Last week I was invited to chair the panel discussion at the Digital Health Forum of the Berlin Institute of Health. The keynote was a joint presentation by Michelle Livne, the CTO of recently founded ai4health, and Kerstin Ritter, a junior professor at Charité Berlin.
During the panel discussion we got into one of the more common topics here in German tech circles. When will regulations allow us to deliver a product? In this case the electronic health record.
There is a plan, supported by many, which would oblige all doctors to use interoperable electronic health records. Moreover, access to this EHR would be controlled by the patient. So if you have an accident while on holidays, then the local emergency room will have access to your health records (should you grant them that access). And, when you get back home, the images, diagnoses and treatments, which you received following your accident will be immediately available to your personal doctors.
I asked the question, of Prof Sylvia Thun, “When will we finally have this system?” The response was more dispiriting than I could ever have imagined. Let me paraphrase it as follows; my understanding, now, is that 10 years from now we can expect that we will at least have a working internal system, within individual hospitals, etc.
I am not in the mood to explore why this is so disappointing.
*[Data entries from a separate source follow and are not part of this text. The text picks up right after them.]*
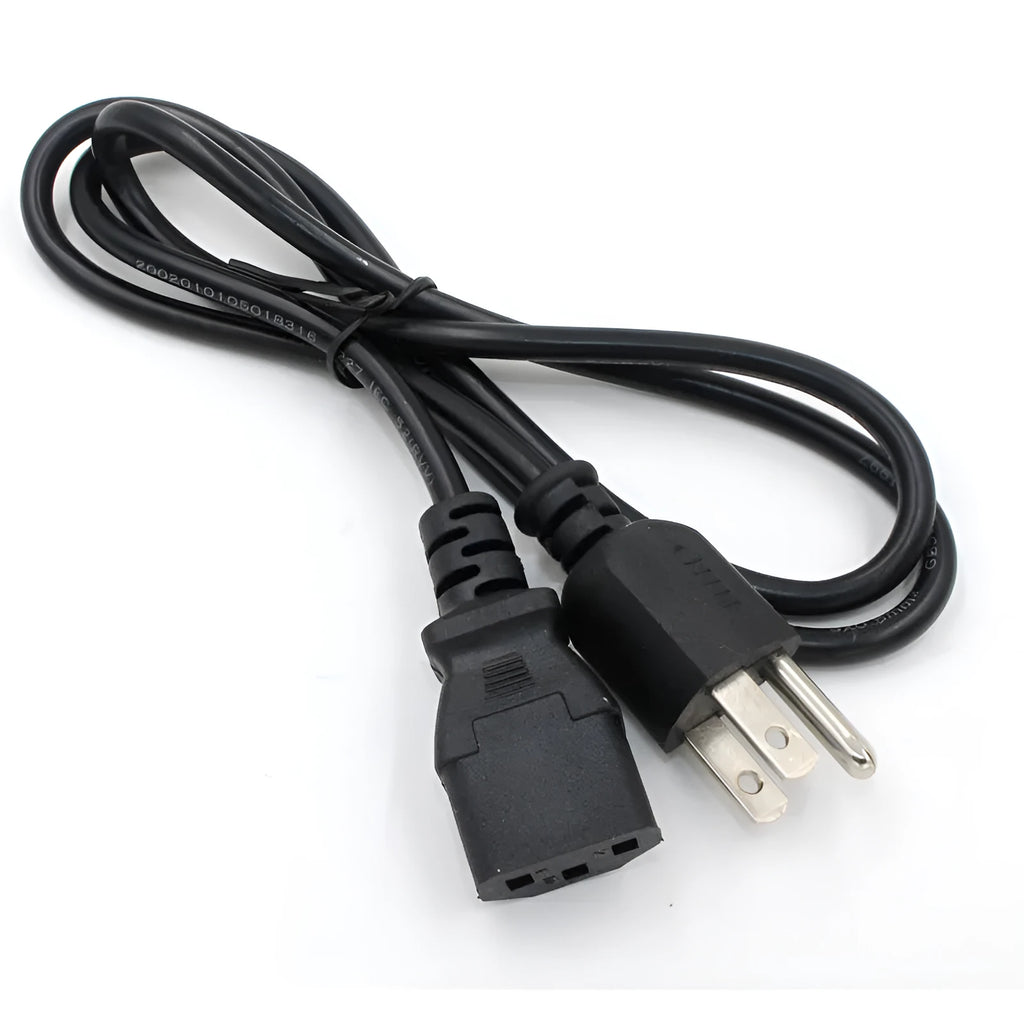 Black American standard plug power cord with 1.2 metre cable length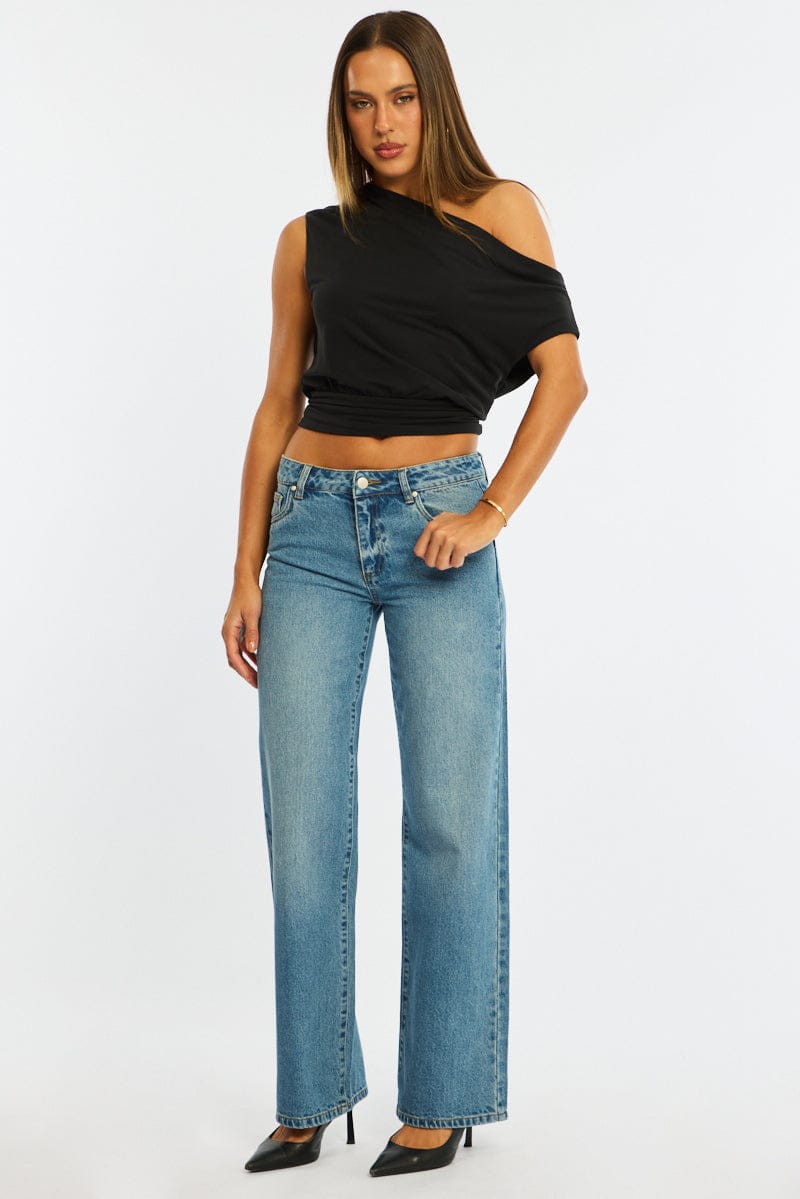 Denim Straight Jean Low Rise Light Wash for Ally Fashion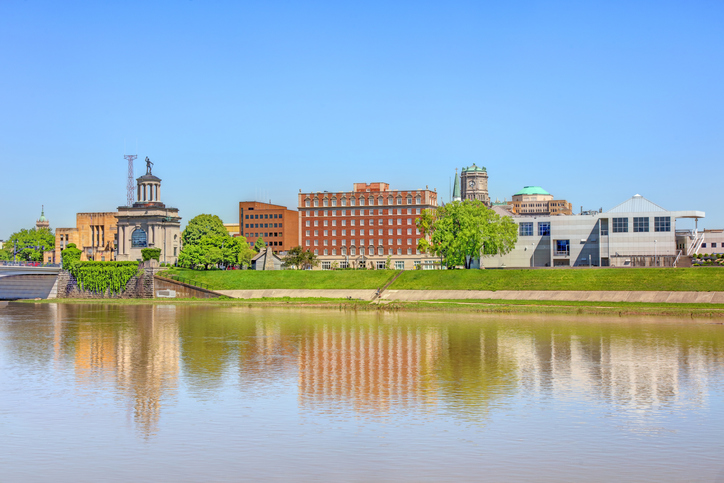 Building and water view of Hamilton, Ohio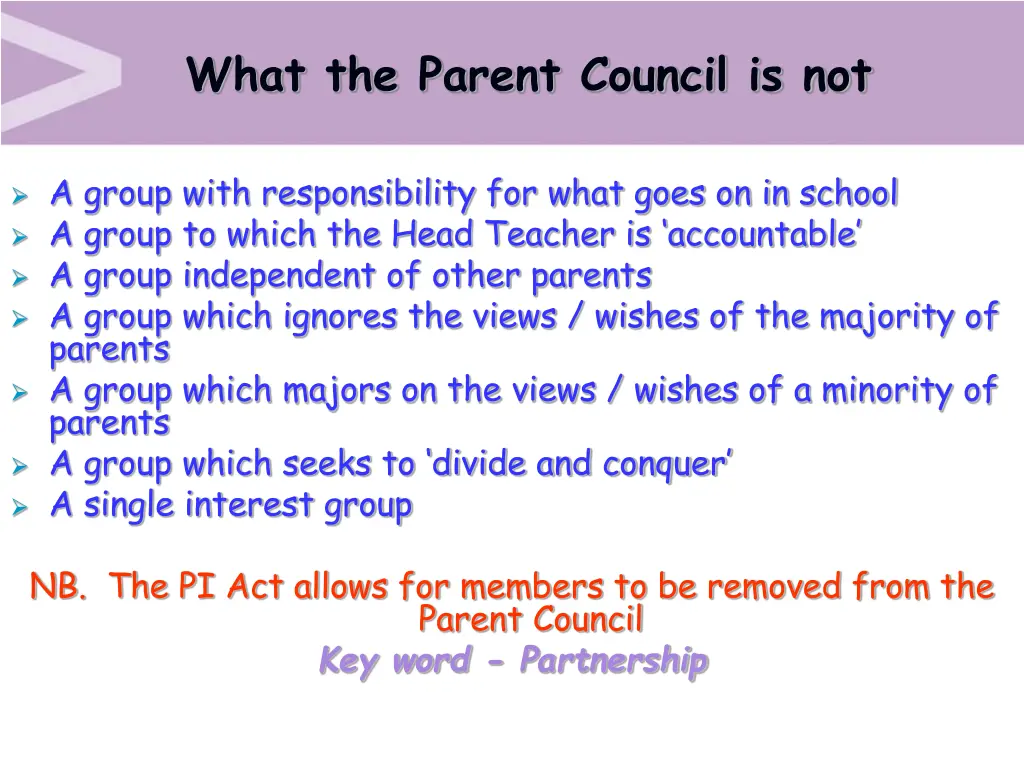 what the parent council is not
Nor do I wish to weigh in on how this means we will ultimately be buyers of a complete solution from outside the country, once a meaningful system becomes dominant elsewhere. I don’t even want to discuss how much this will hold back worthwhile medical research.
There is a very good reason why Germans do not want centralised medical health records. Britain is rushing towards such a system at present. But Germany has the experience of the 1930s, when the equivalent records of the time were used to compile lists of people of Jewish, or similarly unacceptable, origin.
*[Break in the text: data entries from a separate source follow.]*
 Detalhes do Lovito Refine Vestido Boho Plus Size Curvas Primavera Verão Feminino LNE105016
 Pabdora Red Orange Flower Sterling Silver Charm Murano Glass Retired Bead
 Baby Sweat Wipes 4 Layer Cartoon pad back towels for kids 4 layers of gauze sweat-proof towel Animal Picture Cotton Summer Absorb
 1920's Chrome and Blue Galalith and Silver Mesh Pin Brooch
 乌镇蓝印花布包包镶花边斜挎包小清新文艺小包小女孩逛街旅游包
I think it’s great that Germans don’t want to repeat the mistakes of the past. But what about a bit of creative thinking? No, I’m not advocating doing an end-run around the rules. I’m suggesting seeing the German perspective as a strength rather than a limitation.
Why is Germany not pouring money and effort into attempts to develop a privacy preserving electronic health record?
I believe that the record will happen. Furthermore, I believe that it will be a huge boon to public health. It will aid in medical research. And, having read recently Black Box Thinking, which advocates an airline accident investigation approach to error, it will improve individual medical outcomes.
So what’s the problem? We don’t want it to be easy to compile a central list of citizens and their underlying medical data. Let’s start with encryption. Let’s look at approaches to encryption where there are two alternative decryption keys (tough on a mathematical level – but interesting research – but just having two copies would work just as well, and provide a bonus of preventing post-hoc tampering). The doctor has his copy, which is encrypted using his key, and has full access to it. The patient has their key, they can use this to authorise decryption of a copy of their data on a case-by-case basis.
The biggest complaint about my suggestion will be that you can always force people to hand over their keys and thus compile the central database. I’m sorry, but you can force all of the doctors to send in their data right now anyway!
Feel free to comment below about the company, that I haven’t heard about, which is currently developing this solution. Great, I applaud them! But seriously, that’s not the point of this post. There is always a company, that I haven’t heard about, which is developing a solution which has the potential to solve all of the world’s problems. My point is that this should be the national strategy. Rather than going in circles politically, trying to overcome a very reasonable national trait, there is a more entrepreneurial approach which could deliver a technology that most of the world doesn’t know yet that it needs.